Seine Behauptung erwies sich als ganz richtig. Die Straße flog förmlich unter ihnen hinweg, und noch ehe die angegebene Zeit vergangen war, hatten sie die Amtsstadt erreicht.

»Wissen Sie denn, wo der Herr Staatsanwalt wohnt?« fragte Arndt.

»Das versteht sich ganz von selbst. Unsereiner hat auch zuweilen mit dieser Art von Leuten zu thun. Man muß also wissen, wo der Vogel sein Nest hat.«

Es ging langsamer durch einige Gassen, und dann hielt der Förster an der Thür eines Hauses an.

»Hier ist es,« sagte er.

»O weh!« meinte Arndt, indem er die Fenster der Front musterte. »Alles dunkel. Es ist kein Mensch mehr wach!«

»Meinen Sie etwa, daß man unsertwegen illuminiren soll?«

»Das nicht; aber man stört doch nicht gern die Leute aus dem Schlaf!«

»So! Ah! Und Unsereiner muß es sich gefallen lassen, wenn man gezwungen ist, im Walde bei Nacht und Nebel herumzustreifen! Es wird geweckt. Und wer nicht gutwillig aufstehen will, den werfe ich aus den Federn. Zunächst aber wollen wir die Hunde versorgen. Sie haben sich heiß gelaufen und können leicht verschlagen.«

Er spannte die Tiere aus und plazirte sie auf den Schlitten, wo er sie mit dem Stroh und den Pelzen zudeckte.

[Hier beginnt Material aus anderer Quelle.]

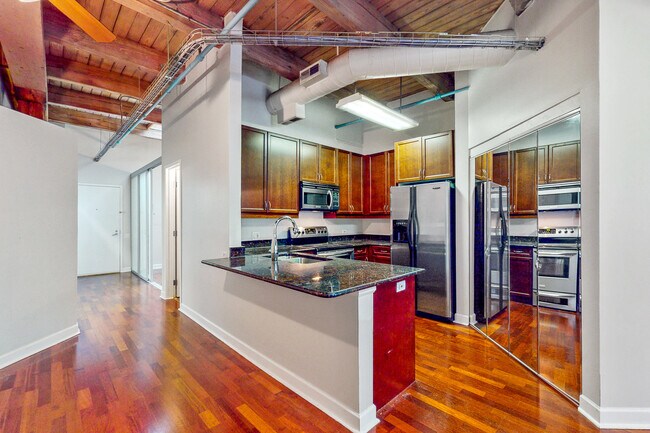 Foto del edificio - 225 W Huron St
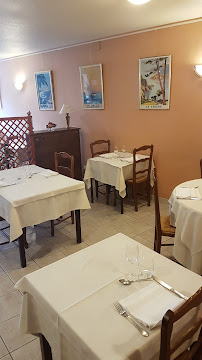 Atmosphère du Restaurant français Le Grand Condé - hôtel-restaurant-traiteur à Montmirail - n°7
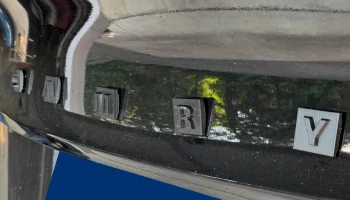 Комплект для переоборудования Tesla в Toyota............ 3
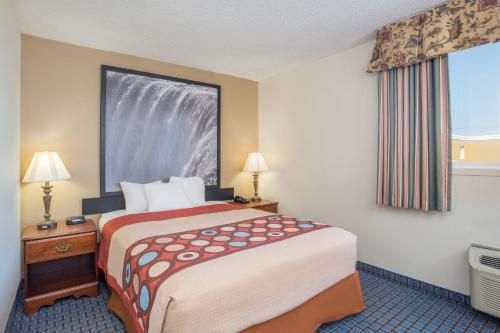 Кровать или кровати в номере FairBridge Inn Express Buffalo Airport Williamsville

»So! Nun aber wird geklopft.«

Eine Klingel gab es nicht, und so schlug der Alte mit der Faust an die Hausthür, erst ziemlich manierlich, dann aber, als sich Niemand sehen ließ, mit größerer Kraftaufwendung. Endlich wurde im ersten Stocke ein Fenster geöffnet.

»Wer ist unten?« fragte eine weibliche Stimme.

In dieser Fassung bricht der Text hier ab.